Uzbekistan looks to receive up to 15% of electricity from its first nuclear power plant
Baku, Azerbaijan, Oct. 21
By Fakhri Vakilov - Trend:
The first nuclear power plant (NPP), which is planned to be built in Uzbekistan by 2030, will be able to produce up to 15 percent of the country's electricity, the head of Uzbekistan’s Uzatom agency Zhurabek Mirzamakhmudov told journalists, Trend reports citing Uzbek media.
The head of Uzatom said that the Uzbek side plans to bring solar energy to 5GW of and wind energy up to 2GW by this time, as well as double the capacity of hydropower.
“However, these capacities will not be enough,” he said.
Mirzamakhmudov added that today there is a shortage of electricity in Uzbekistan, which is partially covered by imports from Tajikistan and Kyrgyzstan. Last year, in winter, electricity was imported from Turkmenistan.

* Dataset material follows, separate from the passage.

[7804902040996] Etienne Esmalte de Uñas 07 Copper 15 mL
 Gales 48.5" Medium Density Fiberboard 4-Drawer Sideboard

In early September 2018, Russia and Uzbekistan signed an agreement on cooperation in the construction of nuclear power plants. Russian State Atomic Energy Corporation Rosatom plans to build a complex of two 3+ generation units with VVER-1200 reactor units. The site near Tuzkan Lake in the Jizzakh region was chosen as the priority site for the construction of the station.
According to the forecast of Uzbekistan’s Ministry of Energy, electricity consumption in Uzbekistan will grow by 6-7 percent per year, and by 2030 the demand will be more than 112 billion kWh with more than 31 GW of generating capacity.